A côté de ces multiples réformes dont il est parfois difficile de comprendre la cohérence et la logique, les étudiants constatent que leurs conditions d’études et de vie ne s’améliorent pas. Le système d’aide sociale reste notoirement insuffisant, et près de 100 000 étudiants vivent en dessous du seuil de pauvreté. Le déblocage de 7000 allocations d’études l’année dernière, attribuées sur des critères flous, s’est fait dans la confusion. La stratégie de l’UNEF-ID, qui consistait à faire remplir un maximum de dossiers à n’importe quel étudiant est responsable de l’engorgement des services sociaux des CROUS et explique en partie le fait que seule la moitié de ses allocations ont pu être effectivement allouées aux étudiants.

La création en parallèle d’un nouvel échelon de bourse (la bourse à taux zéro) est certes une bonne chose, mais elle ne compense pas les insuffisances du système des bourses, dont aucun échelon ne permet réellement à l’étudiant de vivre sans un soutient extérieur ou un travail à temps partiel.

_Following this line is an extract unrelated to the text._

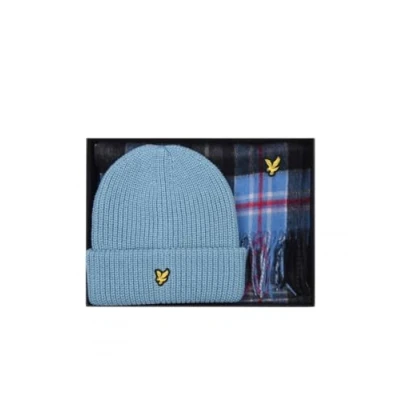Image of Lyle &amp; Scott Lambswool Blend Check Scarf Ribbed Acrylic Beanie Gift Set Blue Smoke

Si l’aide aux étudiants les moins favorisés reste insuffisante, les services généraux du CROUS se détériorent. En moyenne, sur les dix dernières années, le prix du ticket-U a augmenté deux fois plus vite que l’inflation et la qualité nutritive des repas s’est dégradée. Alors que le système de restauration était auparavant axé sur les restau-U, on constate l’émergence de cafétérias et de sandwicheries CROUS dont les prix, calqués sur le privé, servent souvent à financer les déficits des autres activités du CROUS. Et bien qu’en théorie le repas des étudiants est sensé être financé par l’Etat, c’est aujourd’hui l’étudiant qui finance les services de l’Etat en achetant des sandwichs qui ne couvrent pas ses besoins nutritifs.

Même l’UNEF-ID, qui sent un marché porteur, se met à proposer des sandwichs pour financer ses activités « syndicales » (12F pour les étudiants… 10F pour les adhérents).

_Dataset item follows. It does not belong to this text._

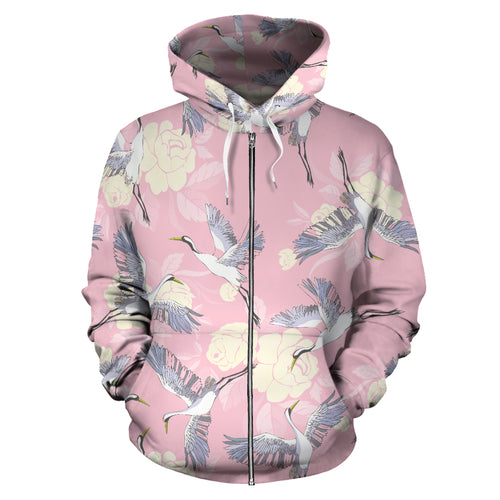 Japanese Crane Rose Pattern Zip Up Hoodie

Face aux réformes et aux dérives du CROUS, les syndicats étudiants n’ont pas su se faire entendre ni proposer des alternatives crédibles. Force est de constater que derrière la stratégie de réunification se trouve en fait une crise profonde du syndicalisme étudiant. Il suffit pour s’en convaincre de regarder les chiffres de participation aux élections (moins de 10%) et de considérer la proportion de ses adhérents par rapport aux effectifs étudiants (moins de 1%). Entre un syndicat hégémonique et racoleur qui sert avant tout de tremplin politique à ses dirigeants locaux et nationaux, et l’UNEF, dont la direction nationale s’est détachée à la fois des étudiants et de sa base militante, il n’est nul besoin de chercher bien loin les raisons de la désaffection des étudiants pour leurs syndicats.

Pourtant, ce ne sont pas les occasions qui ont manqué à l’UNEF pour se faire entendre. Sans revenir sur les réformes et la détérioration des services du CROUS, on a parfois l’impression que le manque de cohérence dans la ligne syndicale de l’UNEF est directement lié au manque d’intelligence de ses dirigeants qui n’ont pas su élaborer une vraie réflexion sur les réformes proposées par le ministère de l’éducation nationale.

Les dérives de l’UNEF-ID auraient elles aussi mérité une réflexion critique de la part de l’UNEF. L’a-t-on entendu dénoncer la stratégie irresponsable de l’UNEF-ID face aux allocations d’études proposées par le gouvernement ? Pourquoi par ailleurs l’UNEF n’a-t-elle pas été capable de maintenir une surveillance et un contre-pouvoir dans l’affaire de la MNEF ? Pouvait-elle ignorer les liens organiques qui existaient entre la mutuelle étudiante, l’UNEF-ID et le Parti Socialiste ? Rappelons qu’à l’heure actuelle l’UNEF-ID est mise en examen dans cette affaire…

Quoi qu’il en soit pour l’UNEF, les conséquences de cette inertie font que sa position au niveau national s’est considérablement affaiblit et que ses résultats aux élections se sont effondrés.

2- Les dangers de la réunification

Pour répondre aux crises du syndicalisme étudiant et aux menaces que font peser les réformes, on nous propose aujourd’hui de nous rallier sans condition au projet de « refondation du mouvement étudiant », sensé se tenir lors des Assises de décembre.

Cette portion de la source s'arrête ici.